Short descriptive text snippets »
== == ==

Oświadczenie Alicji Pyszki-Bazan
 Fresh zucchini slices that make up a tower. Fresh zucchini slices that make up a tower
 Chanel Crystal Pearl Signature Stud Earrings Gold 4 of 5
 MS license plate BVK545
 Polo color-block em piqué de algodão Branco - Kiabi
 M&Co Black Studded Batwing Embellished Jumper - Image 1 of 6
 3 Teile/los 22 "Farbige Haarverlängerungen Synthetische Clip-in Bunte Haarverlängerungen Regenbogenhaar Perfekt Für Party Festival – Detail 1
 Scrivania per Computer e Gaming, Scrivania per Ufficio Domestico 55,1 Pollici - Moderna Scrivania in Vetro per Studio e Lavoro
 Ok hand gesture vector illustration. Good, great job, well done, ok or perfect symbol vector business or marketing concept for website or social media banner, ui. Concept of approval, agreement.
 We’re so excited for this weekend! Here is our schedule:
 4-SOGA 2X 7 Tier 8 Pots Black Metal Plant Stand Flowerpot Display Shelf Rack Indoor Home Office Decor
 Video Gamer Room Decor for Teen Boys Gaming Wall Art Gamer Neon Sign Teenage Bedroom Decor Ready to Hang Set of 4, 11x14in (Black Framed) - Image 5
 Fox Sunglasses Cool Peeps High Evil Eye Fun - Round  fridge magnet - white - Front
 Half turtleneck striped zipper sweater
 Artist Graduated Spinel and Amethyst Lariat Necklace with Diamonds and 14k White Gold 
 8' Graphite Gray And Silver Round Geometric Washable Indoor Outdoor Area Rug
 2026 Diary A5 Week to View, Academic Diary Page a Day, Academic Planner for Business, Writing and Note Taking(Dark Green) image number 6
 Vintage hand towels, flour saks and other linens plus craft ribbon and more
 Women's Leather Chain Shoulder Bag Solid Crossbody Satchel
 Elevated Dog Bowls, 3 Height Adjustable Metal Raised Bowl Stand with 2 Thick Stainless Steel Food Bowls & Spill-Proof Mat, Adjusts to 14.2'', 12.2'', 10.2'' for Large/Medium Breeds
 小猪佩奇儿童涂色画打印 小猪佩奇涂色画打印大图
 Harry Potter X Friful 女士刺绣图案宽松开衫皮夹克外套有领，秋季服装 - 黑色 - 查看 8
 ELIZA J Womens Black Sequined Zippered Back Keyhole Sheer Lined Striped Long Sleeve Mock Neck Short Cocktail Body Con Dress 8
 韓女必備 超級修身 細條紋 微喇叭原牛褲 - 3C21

== == ==

Task statement »
Up to and including the line with "Scrivania per Computer", please return the records exactly, beginning from their first line.

Written solution »
Oświadczenie Alicji Pyszki-Bazan
 Fresh zucchini slices that make up a tower. Fresh zucchini slices that make up a tower
 Chanel Crystal Pearl Signature Stud Earrings Gold 4 of 5
 MS license plate BVK545
 Polo color-block em piqué de algodão Branco - Kiabi
 M&Co Black Studded Batwing Embellished Jumper - Image 1 of 6
 3 Teile/los 22 "Farbige Haarverlängerungen Synthetische Clip-in Bunte Haarverlängerungen Regenbogenhaar Perfekt Für Party Festival – Detail 1
 Scrivania per Computer e Gaming, Scrivania per Ufficio Domestico 55,1 Pollici - Moderna Scrivania in Vetro per Studio e Lavoro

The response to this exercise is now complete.